- TASK REQUIREMENTS -
Begin the copy at the line containing "Notice if you'd" in the data below and end it at the line containing "This is kind", keeping each line exact and leaving out pictures.

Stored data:
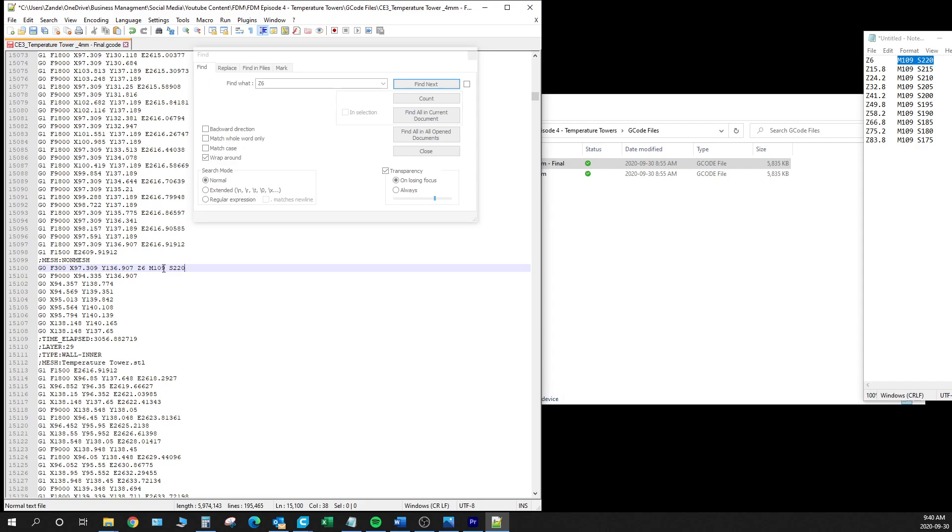So before we go any further it's important to note that any change you make inside this file can have devastating consequences if not done properly. So only add the code that you know you need. Try not to touch anything else. And if in doubt throw it away and go back to that original copy, copy it again and start the process over again.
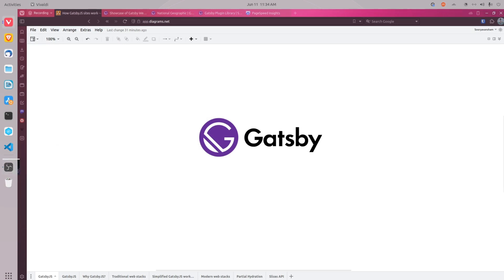Hello everyone. Welcome to our series on Gatsby.js. I am Sandy and today we'll begin our YouTube journey with a powerful and modern web framework called Gatsby.js.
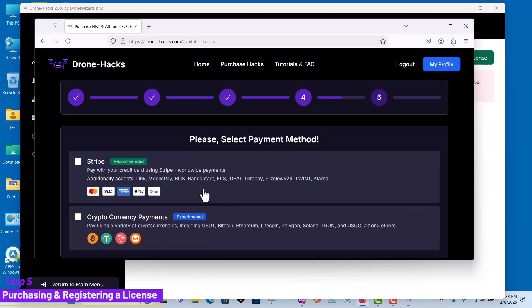In the payment method window, you can select your preferred payment option to purchase the license. Let's go ahead and complete the purchase.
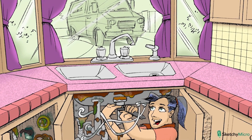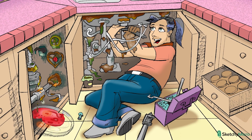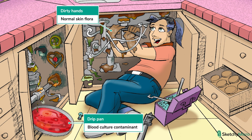If you were to draw blood cultures in a not completely sterile way, there's a good chance that Staph epi would grow, even though you're not infected with it. This is because it's normal flora of the skin, so it's everywhere and can easily contaminate cultures when blood is drawn. To remember this, we're putting some dirt on the plumber's hands and drawing a drip pan that looks like a blood culture petri dish, showing dirty liquid dropping into the culture, representing contamination.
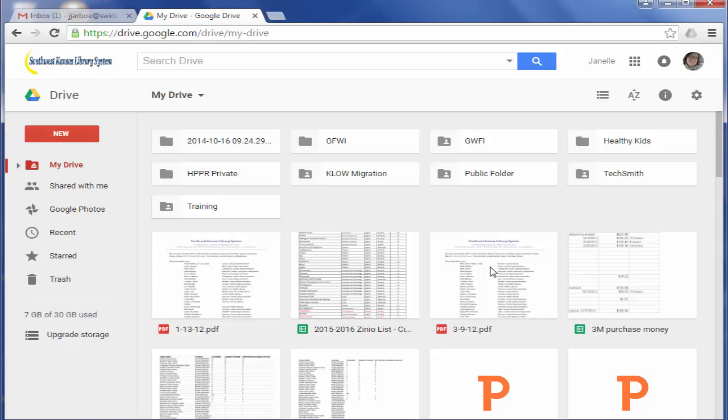In this screencast, I'm going to show you how you can view the results of your Google Form. So I'm already in my Google Drive. I'm going to go to Recent.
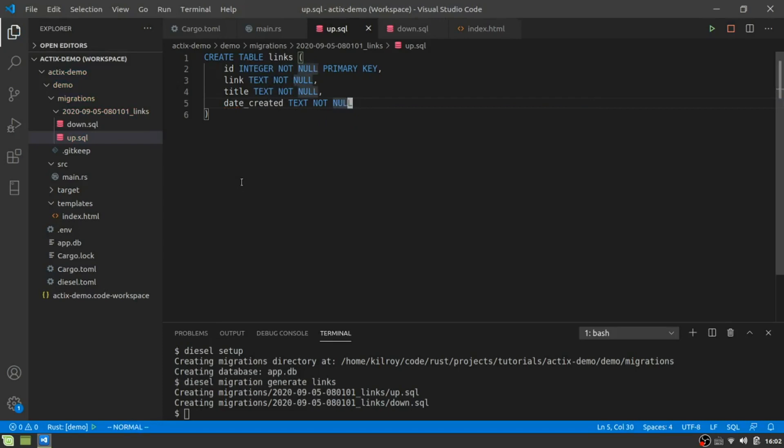And last one is going to be date created and text, not null. So SQLite is pretty simple. You really just have text and integers and Booleans and five different data types. If you're doing something else, you would probably not use text for date. You'd actually use date.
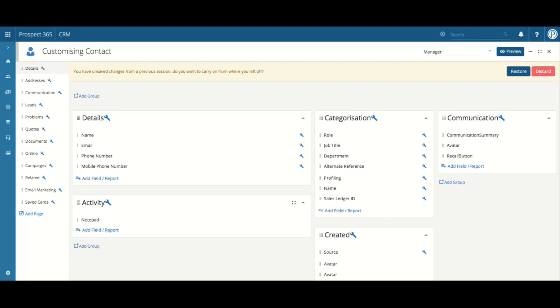For example, you may wish for the mobile field to appear before the phone number field for this particular user dictionary.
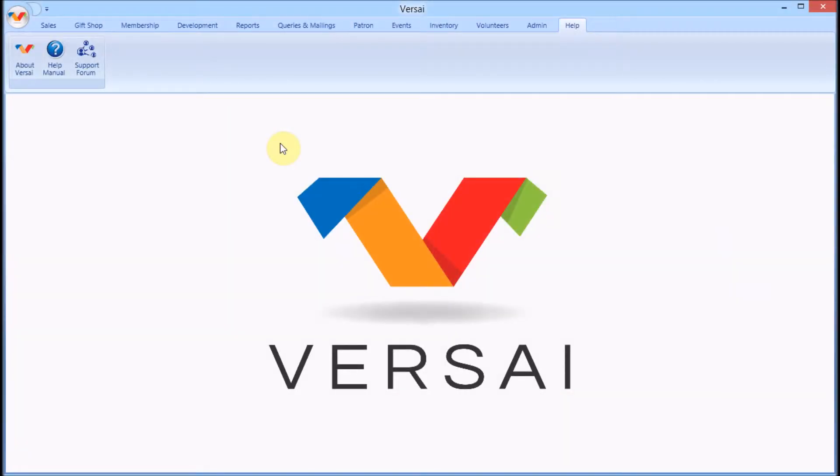Welcome! This is Jay with Explorer Systems. We're going to take a look at printing thank you letters in batches in Versai.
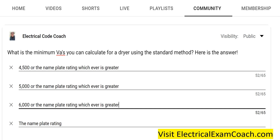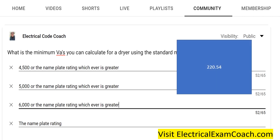Today's question is: what is the minimum VA's you can calculate for a dryer using the standard method? That may sound like an odd term if you're not familiar with Article 220, but there are two different methods for calculating load calculations — the standard method and the optional method — both prescribed in Article 220. This one is asking how you deal with dryers for household electric dryers demand factors.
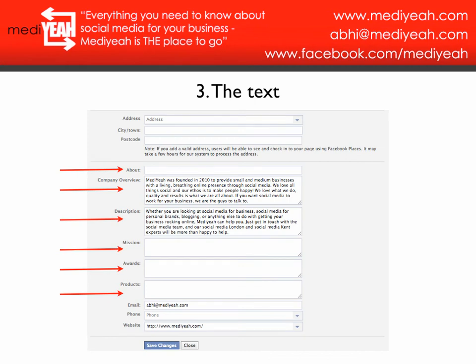As you can see with the red arrows, these are the key boxes to pay attention to. The About box has a limit of around 250 characters — you basically sum up briefly what your business does. This appears on your profile just below the profile picture, in the left-hand tab above the buttons like your wall and photos, so anyone viewing your page can see it.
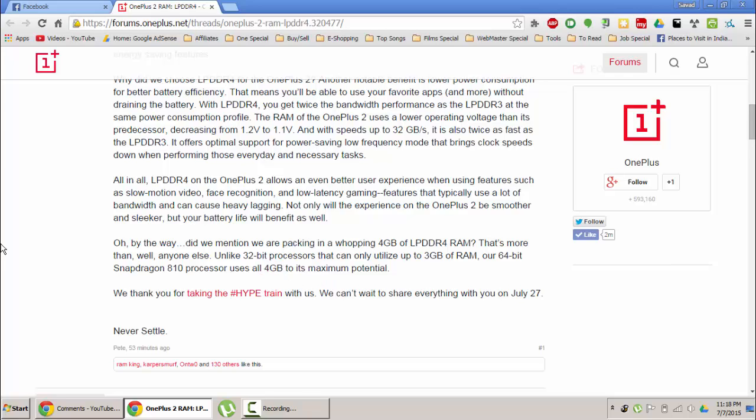So that's all about the OnePlus 2 specs now. We need to wait until it will be launched on July 27th. That's it guys. Thanks for watching. Please subscribe for more.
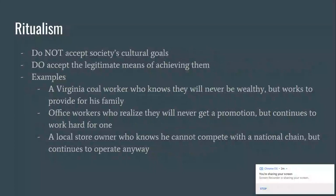Moving on, we have ritualists, who don't accept society's cultural goals but do accept the legitimate means of achieving them. These are people who go through the motions of life knowing they won't make it big, but they're okay with just getting by. Like workers who know they'll be stuck in the same job until they retire, but it puts food on the table. Or a bureaucrat in an office who focuses on the rules, often at the cost of efficiency, because he knows he'll never get that promotion. Or a local store owner who knows he can't compete with the national chain but operates anyway because it's a family business.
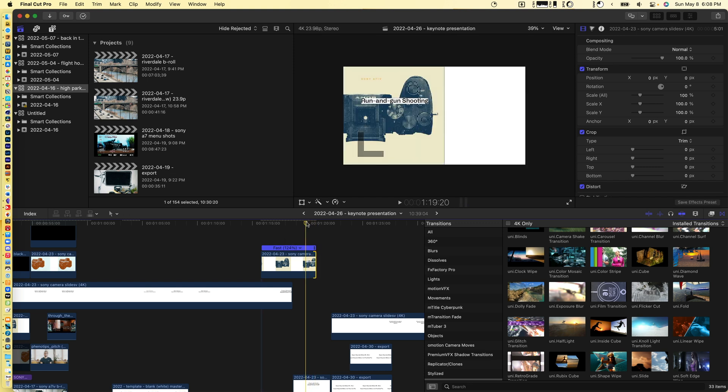It's just a simple way that I walked you through using Keynote and Final Cut Pro. If you guys like this video, please like and subscribe. Thanks and have a great day!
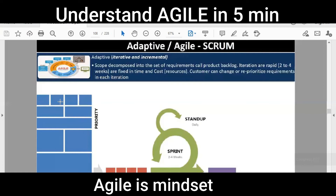Once the priority has been set — one, two, three, four — the development team takes user stories starting from number one, whatever they can complete in a duration of two to four weeks. In Agile, scope is not fixed but time and cost are. This time period is known as a sprint or iteration. The development team then breaks down the user stories into small tasks and makes a sprint backlog out of them.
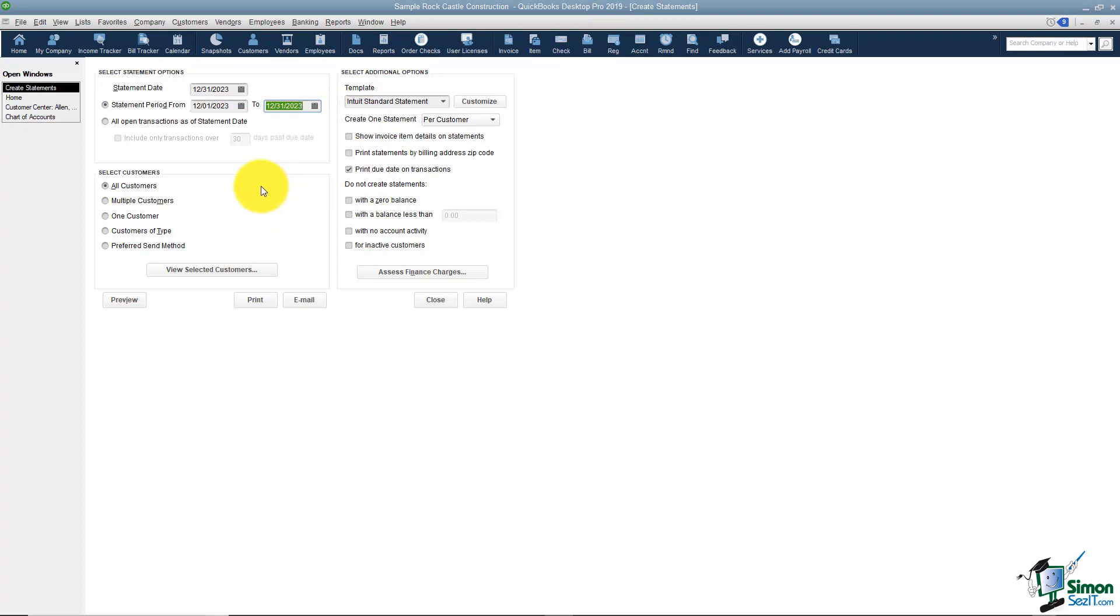Notice if you'd rather, you can just send out a statement that has all the open transactions as of the statement date using this option.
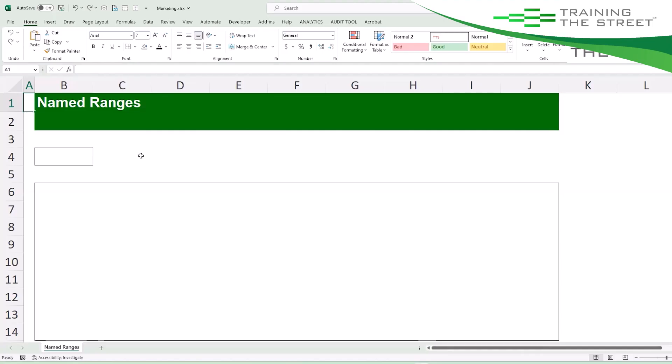Welcome back, I'm David Malone from Train the Street with another Excel shortcut for you. Today we want to talk about named ranges, and named ranges can be a very useful tool for you in Excel.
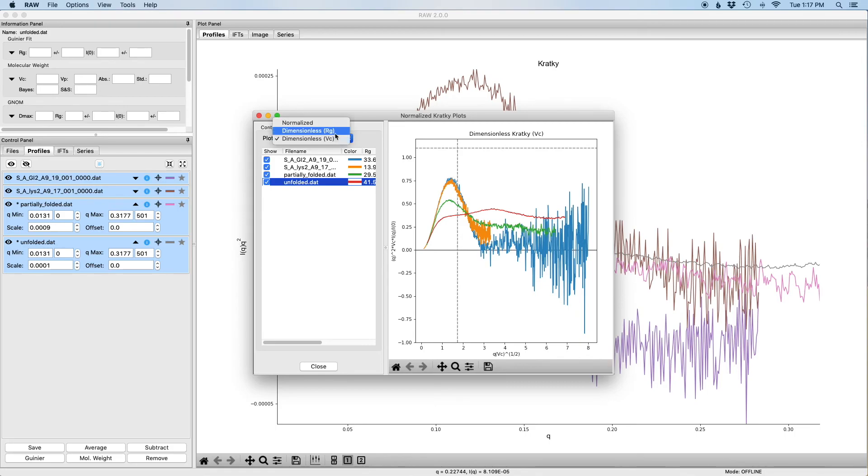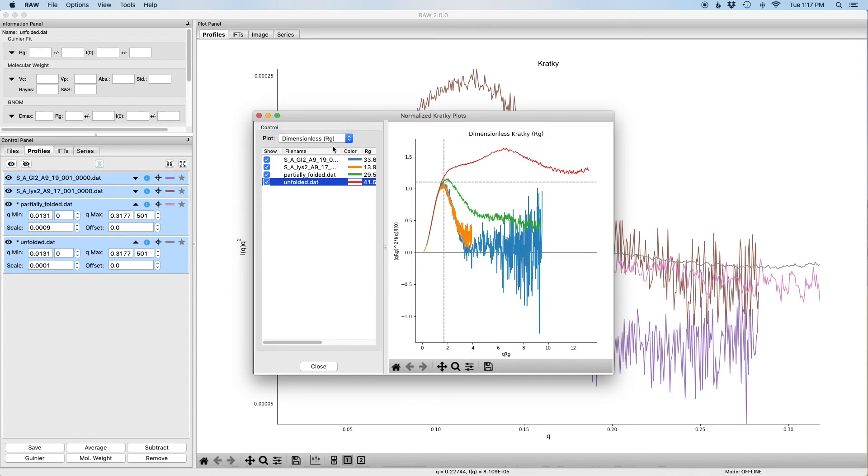This is kind of the usual approach. This is what most people plot is this plot.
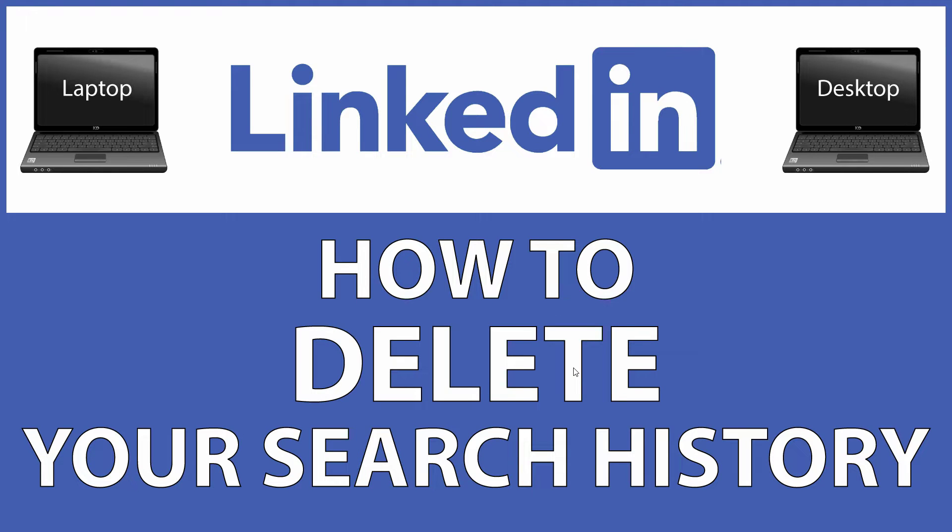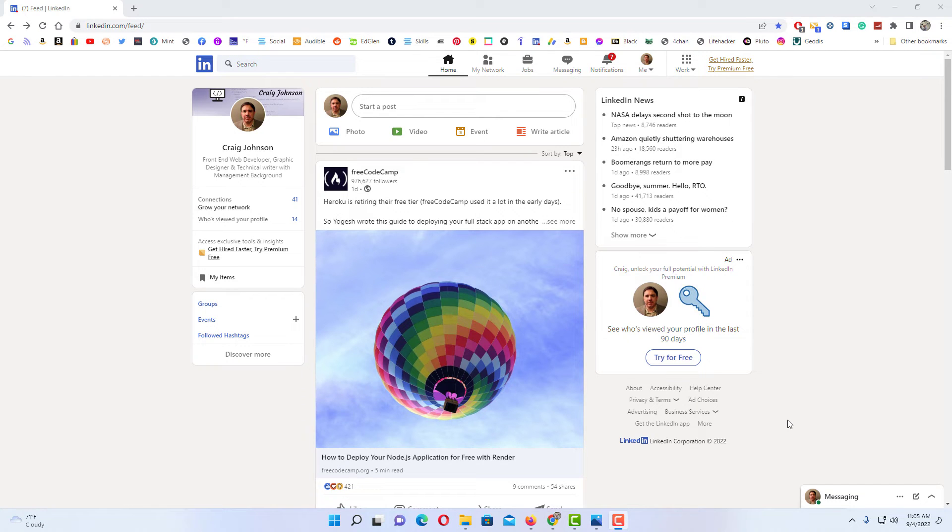This is going to be a video tutorial on how to delete your search history on LinkedIn. I'll be using a desktop PC for this. Let me jump over to my browser here. Okay, I have my browser open now.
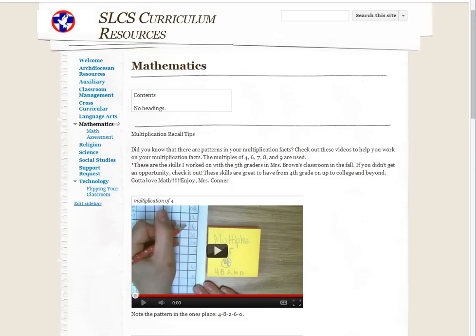This is a short screencast to show you how to set up a table of contents on a Google Site page.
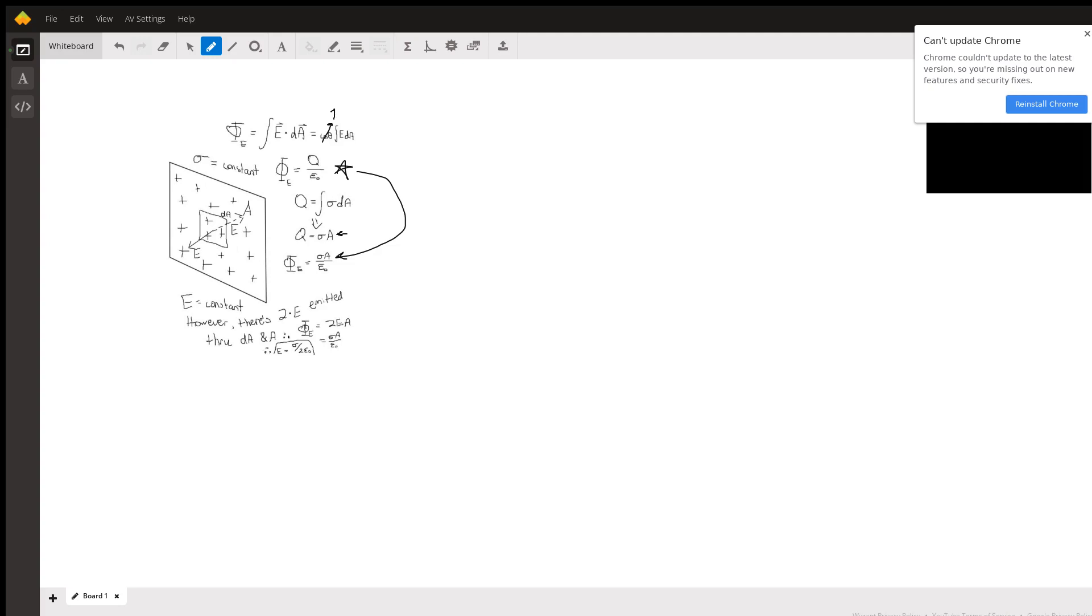But basically the regular strength of the electric field will be just e, but through the area that the flux is being measured there will be a total of two e contributed from all the charge across the infinite surface. I know I didn't draw an infinite, my computer cannot handle infinities sadly.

- RESULT -
Notice if you'd rather, you can just send out a statement that has all the open transactions as of the statement date using this option.
Welcome back, I'm David Malone from Train the Street with another Excel shortcut for you. Today we want to talk about named ranges, and named ranges can be a very useful tool for you in Excel.
This is kind of the usual approach. This is what most people plot is this plot.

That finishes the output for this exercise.